Atas dasar obervasi fenomena alam, pembuktian ketuhanan ciptaan tuhan yang muncul dan tenggelam, dan penalaran logis, Ibrahim menegaskan bahwa "Sesungguhnya aku menghadapkan diriku kepada Tuhan yang menciptakan langit dan bumi dengan cenderung kepada agama yang benar, dan aku bukanlah termasuk orang-orang yang mempersekutukan Tuhan." [QS al-An'am/6:79]. Inilah pandangan, sikap, dan keyakinan teologis yang rasional bahwa bertauhid itu sejatinya merdeka dari segala sesembahan, berhala, atau tuhan palsu yang membuat manusia tersandera dan terkungkung oleh sifat-sifat makhluk.
Jadi, dalam perspektif Islam, merdeka belajar itu harus berangkat dari keyakinan teologis (tauhid) yang memerdekakan diri pembelajar. Keyakinan teologis ini berimplikasi kepada sikap kritis bahwa sumber kebenaran ilmu, baik melalui proses pembelajaran maupun pengalaman empirik, berasal dari Allah SWT.
Berdasarkan kisah Ibrahim tersebut, merdeka belajar itu sejatinya merupakan fitrah, kecenderungan alami dan kecintaan terhadap kebijaksanaan (filsafat) yang ditanamkan oleh Allah pada diri manusia. Dengan demikian, merdeka belajar bukan sekadar bebas tanpa batas dalam belajar, mempelajari, dan mencari ilmu pengetahuan.
Akan tetapi, merdeka belajar dalam Islam merupakan spirit untuk memenuhi rasa ingin tahu (kuriositas) dan rasa ingin mengenal Allah, di samping rasa ingin menguasai dan mendalami ilmu pengetahuan dan keterampilan secara tidak "dibatasi" batasan ilmu dunia.

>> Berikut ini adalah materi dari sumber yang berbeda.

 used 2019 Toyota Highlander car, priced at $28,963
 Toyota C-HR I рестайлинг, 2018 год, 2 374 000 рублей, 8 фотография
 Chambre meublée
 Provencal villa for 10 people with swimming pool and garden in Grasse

Spirit merdeka belajar itu sejatinya belajar menguasai kompetensi dan keterampilan secara lebih luas dan multidisiplin ilmu. Dalam al-Qur'an, konsep merdeka belajar ini dapat diejawantahkan dengan memahami filosofi "iqra'" (perintah membaca). Iqra' di sini lebih kepada membaca segala sesuatu ciptaan Allah dengan niat mendapatkan kemanfaatan agar lebih dekat dan memikirkan segala keagungan-Nya. Sehingga akan menumbuhkan sifat-sifat dan karakter positif.

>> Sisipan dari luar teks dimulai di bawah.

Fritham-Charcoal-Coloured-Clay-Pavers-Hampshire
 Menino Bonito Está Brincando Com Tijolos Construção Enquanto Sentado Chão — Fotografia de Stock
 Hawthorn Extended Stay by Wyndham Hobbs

Selaras dengan pelajaran dari Allah melalui Nabi Ibrahim, maka kita juga harus mengajarkan anak-anak menjadi cerdas dalam belajar. Bahkan ketika anak-anak kita mengisi liburannya dengan segala kegiatan yang bersifat eksperimen, eksplorasi dan observasi akhirnya menemukan sesuatu yang jawaban ( sebagai hasil ) bermakna maka secara proses itu merupakan pembelajaran terbaik.Â
Sekalipun pada saat liburan sekolah, anak-anak tetap dapat mengambil makna pembelajaran merdeka dari sisi pandang anak dengan berlibur ke pantai bersama keluarga, atau liburan ke luar negeri begitu pulang membawakan oleh-oleh untuk teman-temannya di kelas, sehingga temannya yang tidak pergi liburan merasakan "seakan-akan" juga ikut mengunjungi tempat di mana oleh-oleh tadi berasal. Ini merupakan bukti fisik dari keberhasilan Pembelajaran Character Building.

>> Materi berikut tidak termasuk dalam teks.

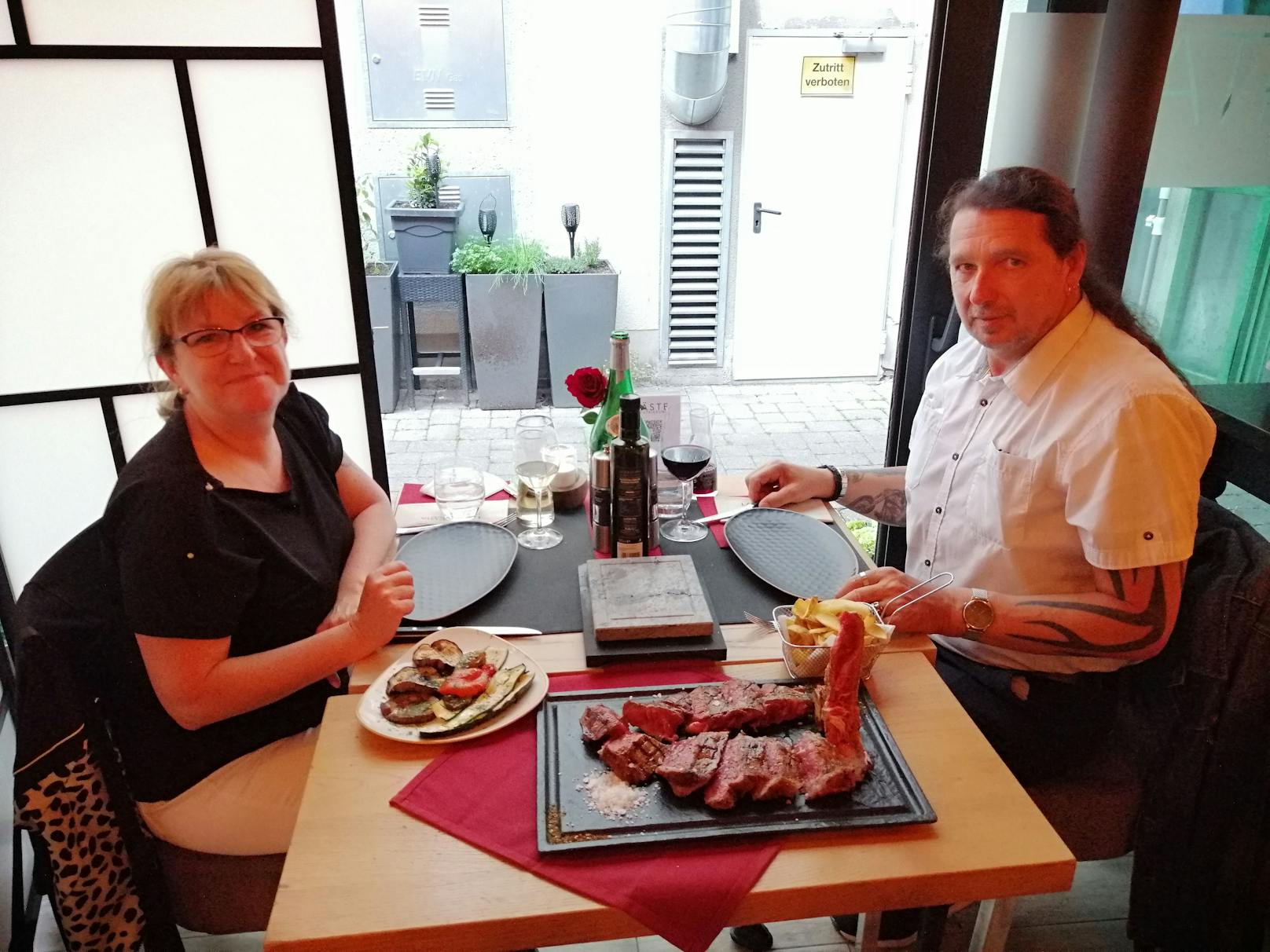 Karl und Andrea-Carmen beim Abendessen im <strong>Restaurant La Dolce Vita</strong>.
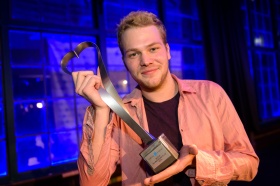 Ben Münchow mit seinem Preis als Bester Nebendarsteller in ROCKABILLY REQUIEM. (© Oliver Dietze)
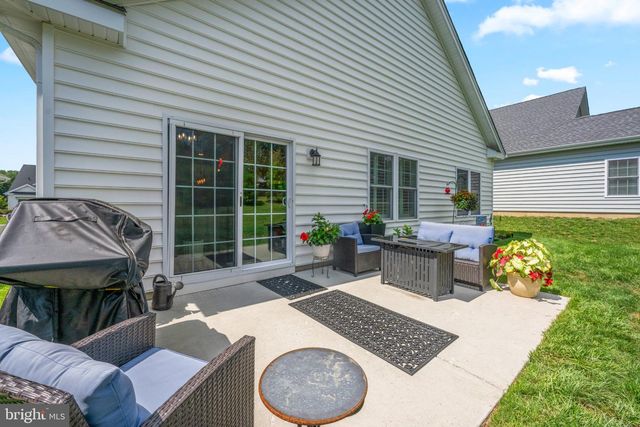 411 NATIONAL DR, Downingtown, PA 19335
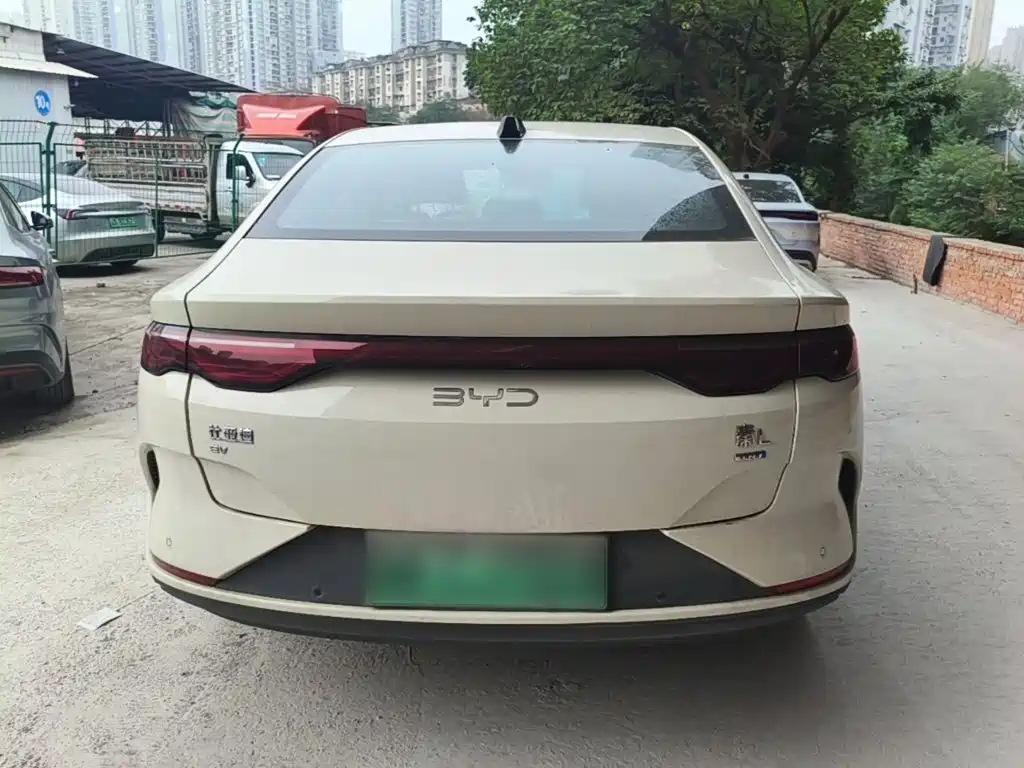 BYD Qin L — миниатюра 6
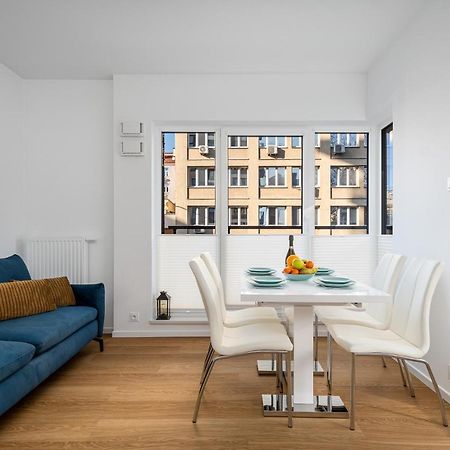 Warsaw Apartments Okrzei 12 Street エクステリア 写真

Di akhir tulisan ini, penulis ingin mengambil kalimat bijak dari Nabi Muhhamad SAW, yaitu  Sabda Rosululloh menyatakan sebagai berikut,"Ajarilah anak-anakmu sesuai dengan zamannya, karena mereka hidup di zaman mereka bukan zamanmu. Sesungguhnya mereka diciptakan untuk zamannya, sedangkan kalian diciptakan untuk zaman kalian."
Hal ini dapat diartikan bahwa guru senantiasa mendidik seluruh peserta didik sesuai dengan zamannya, di mana anak tersebut berpijak, bukan sesuai dengan zamanmu/guru tersebut, karena mereka hidup bukan pada zamanmu. Seperti hadits berikut: "Didiklah anak-anakmu sesuai dengan zamannya, karena mereka hidup bukan di zamanmu" (H.R. Ali Bin Abi Thalib).
Mari terus menjadi fasilitator generasi cerdas intelektual, emosional dan spiritual dalam setiap niat kita. Semoga menjadi amal jariyah kita semua, aamiin.